Question

How do you find all zeros of `f(x)=3x^3-12x^2+3x`?

Answer 1

`x=2.535`

`x=.131`

Explanation:

To find the zeros of a function, we must first find the derivative of the function. This one is not very difficult, we will just apply the power rule to each individual term

`f(x)=3x^3 - 12x^2 + 3x`
`f'(x)=9x^2 - 24x +3`

Then we set the derivative equal to zero and solve for x

`9x^2 - 24x + 3 = 0`

We can plug this into our calculator to find the two x values seeing as how this function is not factorable. We get two values

`x=2.535` `x=.131`

Answer 2

`x=0, x=2+sqrt(3), and x=2-sqrt(3)`

Explanation:

First, factor out an x:
`f(x)=x(3x^2-12x+3x)`
Already, you can figure out that when x zero, f(x) is zero, so `x=0` is one solution.
Then, attempt to factor the quadratic.
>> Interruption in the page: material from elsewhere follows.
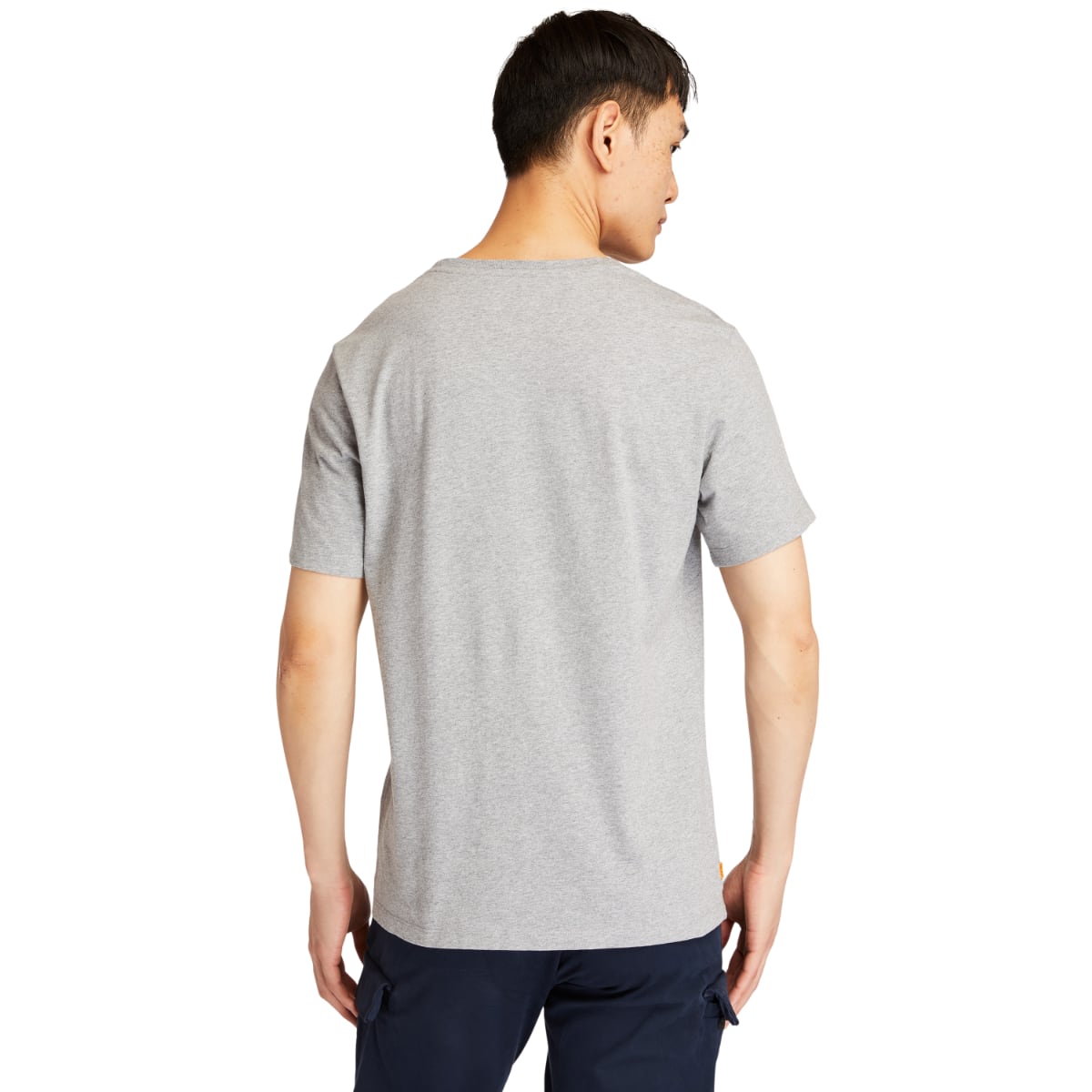 Timberland Kennenec River Tree Logo Men's T-Shirt | Grey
Unfortunately, in this case, you can't use factoring, so plug the numbers into the quadratic formula, which is `x=(-b+-sqrt(b^2-4ac))/2a` in case you don't have it memorized:
`x=(-(-12)+-sqrt((-12)^2-4(3)(3)))/(2(3))`
`x=(12+-sqrt(144-36))/(2(3))`
`x=(12+-sqrt(108))/(6)`
(The square root can be simplified to `6sqrt(3)`, because `sqrt(108)=sqrt(6*6*3)=sqrt(6)^2*sqrt(3)=6*sqrt(3)`)
`x=(12+-6sqrt(3))/(6)`
A six can also be cancelled out:
`x=(2+-sqrt(3))`
That means the zeroes are `x=0, x=2+sqrt(3), and x=2-sqrt(3)`.